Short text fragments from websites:
↓

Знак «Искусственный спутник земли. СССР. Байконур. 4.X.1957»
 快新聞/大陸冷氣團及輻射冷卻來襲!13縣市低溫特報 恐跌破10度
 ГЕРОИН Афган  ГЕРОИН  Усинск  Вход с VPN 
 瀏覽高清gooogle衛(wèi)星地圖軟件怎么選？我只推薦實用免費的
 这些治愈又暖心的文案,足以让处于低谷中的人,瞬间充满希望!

↑

- **Exercise aim**
Exactly as they appear above, return all of the records.

- **Result below**
Знак «Искусственный спутник земли. СССР. Байконур. 4.X.1957»
 快新聞/大陸冷氣團及輻射冷卻來襲!13縣市低溫特報 恐跌破10度
 ГЕРОИН Афган  ГЕРОИН  Усинск  Вход с VPN 
 瀏覽高清gooogle衛(wèi)星地圖軟件怎么選？我只推薦實用免費的
 这些治愈又暖心的文案,足以让处于低谷中的人,瞬间充满希望!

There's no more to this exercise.